Time should not be measured in numbers alone — objects reveal the workings of time in where they go, where they came from, what they look like and how they are used. A century-old item in a recently renovated building is enough to remind us that time is not in constant motion, and the past is not done passing.
Yet the first month of the semester has, in fact, lapsed. It may be October, but it's okay to admit you're still decorating your room — hey, we've got stuff to do! And the items you want — along with the knick-knacks you don't and won't ever need — may be closer to campus than Bed, Bath & Beyond.
Oddly enough, Red Bridge Antiques and Ferguson & D'Arruda just opened right across from each other on Wickenden Street, making for a total of four antique stores — and several craft stores — on the street. Why this sudden influx? Perhaps because people are willing to sell anything and everything in this economy.
Replete with gaudy jewelry, portraits of random colonial dudes, a dish of Werther's Originals and storage boxes fresh from a recent move-in, Red Bridge is a replica of your pack-rat grandmother's house. An air of nostalgia extends from the elegantly painted ceramic teapots in the display window to the huge plastic dog keeping guard in the back.
Ferguson & D'Arruda, currently moving in right across the street, looks more like an ancient collection in an art museum — minimalist and full of reds. Woven tapestries adorn the walls. This store also contains a bowl of candies.
If Red Bridge is your grandma's living room, Benefit St. Antiques is the dining room she keeps in better shape to entertain house guests. It looks more like a home decorating store than an antique shop. Whatever it is, it carries both the classiest and priciest of its peers. Have you ever lounged in a room with a moose-print armchair and a monkey print seat? Here you can.
Further east on Wickenden, Curiosities is the place to get your eccentric friend a cheap and silly birthday present. One could spend hours in this tiny hole in the wall before seeing the breadth of what covers the shelves.

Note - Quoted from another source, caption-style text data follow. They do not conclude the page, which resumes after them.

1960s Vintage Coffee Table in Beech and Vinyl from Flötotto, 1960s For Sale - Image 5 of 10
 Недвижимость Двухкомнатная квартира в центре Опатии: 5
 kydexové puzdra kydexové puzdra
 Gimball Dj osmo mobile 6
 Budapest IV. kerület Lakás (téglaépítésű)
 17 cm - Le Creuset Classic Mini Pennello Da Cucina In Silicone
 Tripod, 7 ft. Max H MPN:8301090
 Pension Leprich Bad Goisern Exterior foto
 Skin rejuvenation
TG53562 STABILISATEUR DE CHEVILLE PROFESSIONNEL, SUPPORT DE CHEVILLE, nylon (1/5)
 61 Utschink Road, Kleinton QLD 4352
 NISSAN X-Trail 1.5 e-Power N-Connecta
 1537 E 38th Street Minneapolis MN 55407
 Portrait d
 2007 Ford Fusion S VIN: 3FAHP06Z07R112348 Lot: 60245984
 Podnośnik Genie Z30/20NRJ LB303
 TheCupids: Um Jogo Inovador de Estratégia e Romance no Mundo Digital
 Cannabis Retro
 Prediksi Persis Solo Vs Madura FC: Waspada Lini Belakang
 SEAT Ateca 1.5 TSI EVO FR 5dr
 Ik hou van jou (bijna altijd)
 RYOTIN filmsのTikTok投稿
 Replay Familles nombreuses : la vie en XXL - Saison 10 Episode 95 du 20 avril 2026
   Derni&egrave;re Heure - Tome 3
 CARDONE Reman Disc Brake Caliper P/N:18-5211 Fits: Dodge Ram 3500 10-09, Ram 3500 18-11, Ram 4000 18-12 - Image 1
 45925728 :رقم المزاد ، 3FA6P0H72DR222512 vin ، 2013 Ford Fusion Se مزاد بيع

Fortunately, cheesy signs such as "Don't Be Smug, Buy a Mug" and "Just Say No To High Prices" — attributed to one by the name of Curious Cat — help draw your attention to specific items such as worn-but-not-torn clothes and key-shaped hair clips. It's also the only antique shop with a Halloween decoration display.
What Cheer, on the other hand, is anxious for Christmas, with a Santa statuette greeting visitors as they walk into a hall so narrow that those with backpacks must walk single file to avoid knocking anything over.
This South Angell Street and Wayland Square store wins the award for charm. It calls its vintage photographs "ephemera" — slightly more sophisticated than the choose-your-own-relatives gimmick employed by Curiosities to entice customers to buy photographs of random people. Many of What Cheer's photographs look like they belong in your grandparents' high school yearbooks. Did they even have yearbooks back then? Others are artful Rhode Island relics, like the self-explanatorily titled "Providence Boys w/ Kittens."
The shop also features a room full of records, a postcard collection organized by U.S. state and books from the 1960s and 1970s with titles like "It's Fun to Fondue." It also features something that may not exist anywhere else: a shelf full of "cinnamon and sugar shakers."
Though not an antique shop per se — I don't think anyone has figured out how to classify it — Friend's Market on Brook Street deserves honorable mention. Along with onions, candy bars and everything else in the world, there's also quite the collection of quirky dishware.
Oh, one more thing. A word of advice before you frequent any of the above establishments: As humans, we tend to forget that buying something we don't need, even at the highest discount, is still more expensive than buying nothing at all. Do with that what you will.